▶ **Material for the task**
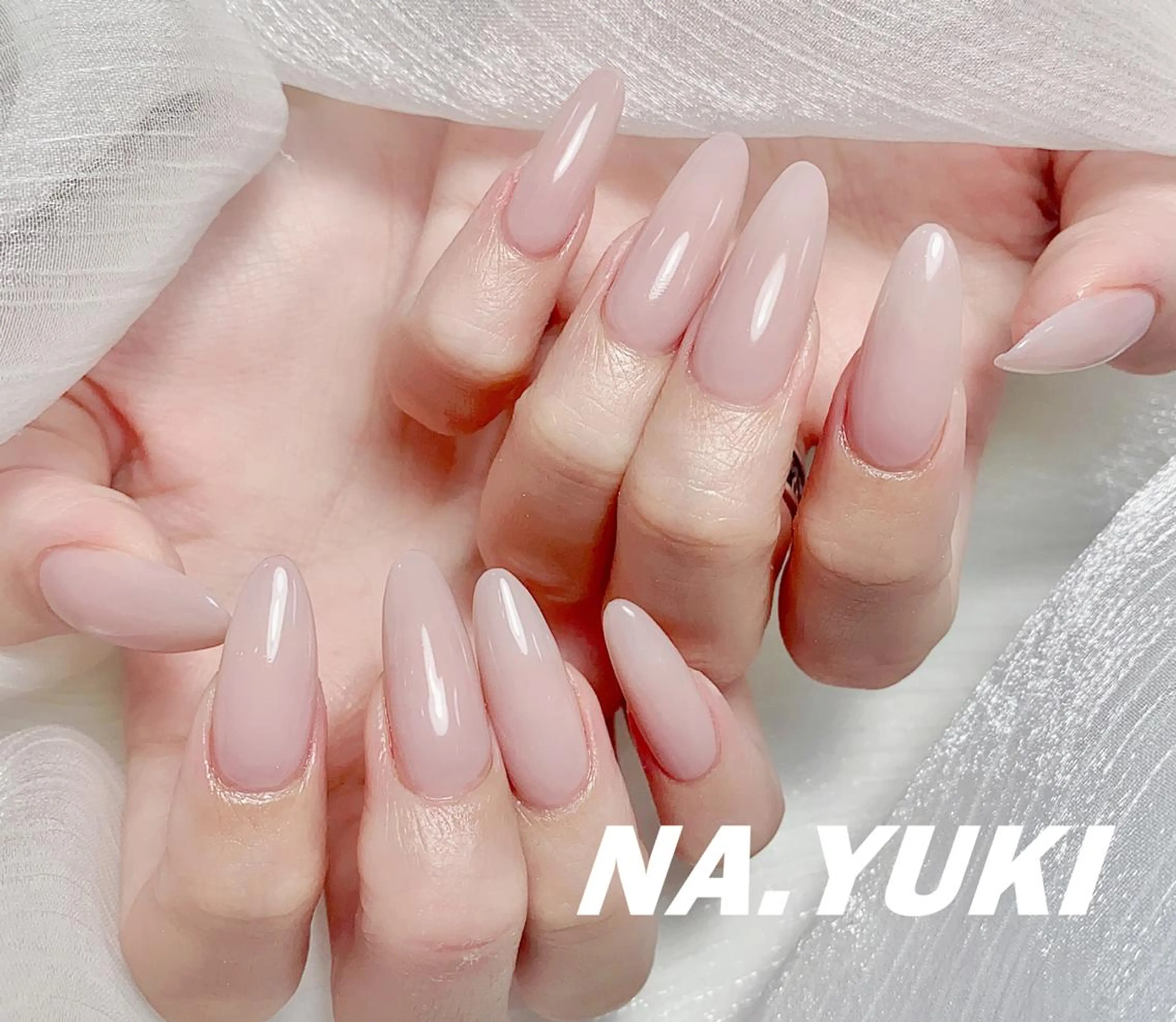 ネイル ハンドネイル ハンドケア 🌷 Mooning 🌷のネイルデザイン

--

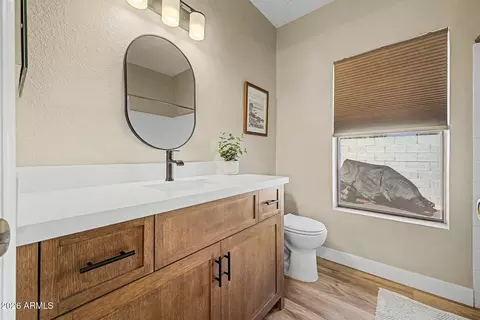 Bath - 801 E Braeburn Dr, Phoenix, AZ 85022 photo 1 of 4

...

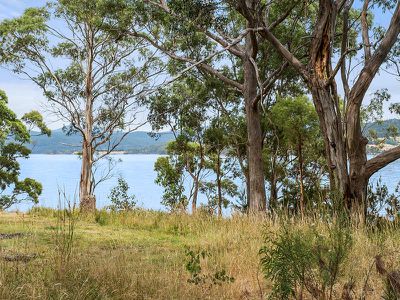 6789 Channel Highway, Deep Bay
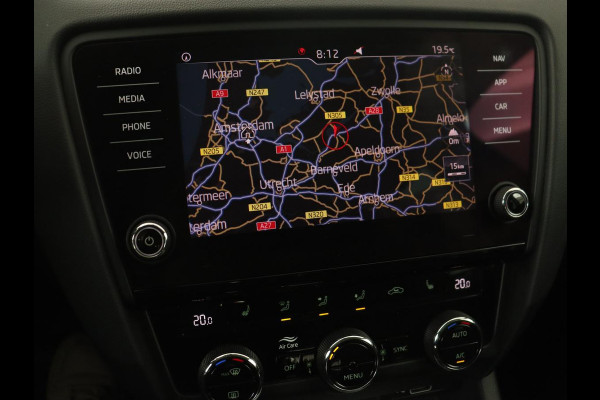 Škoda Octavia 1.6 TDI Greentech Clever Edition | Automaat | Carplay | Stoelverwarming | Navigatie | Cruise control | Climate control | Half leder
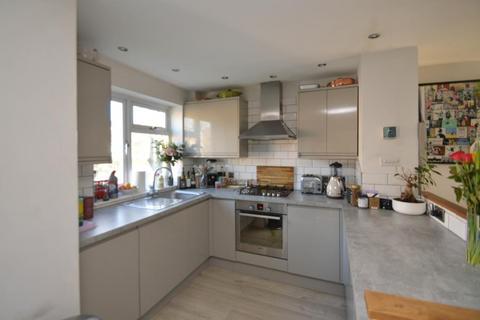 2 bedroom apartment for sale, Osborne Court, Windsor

▶ **Required work**
Exact copy, pictures excluded: from the line with "6789 Channel Highway, Deep Bay" up to and including the line with "2 bedroom apartment" in the data above.

▶ **Finished exercise**
 6789 Channel Highway, Deep Bay
 Škoda Octavia 1.6 TDI Greentech Clever Edition | Automaat | Carplay | Stoelverwarming | Navigatie | Cruise control | Climate control | Half leder
 2 bedroom apartment for sale, Osborne Court, Windsor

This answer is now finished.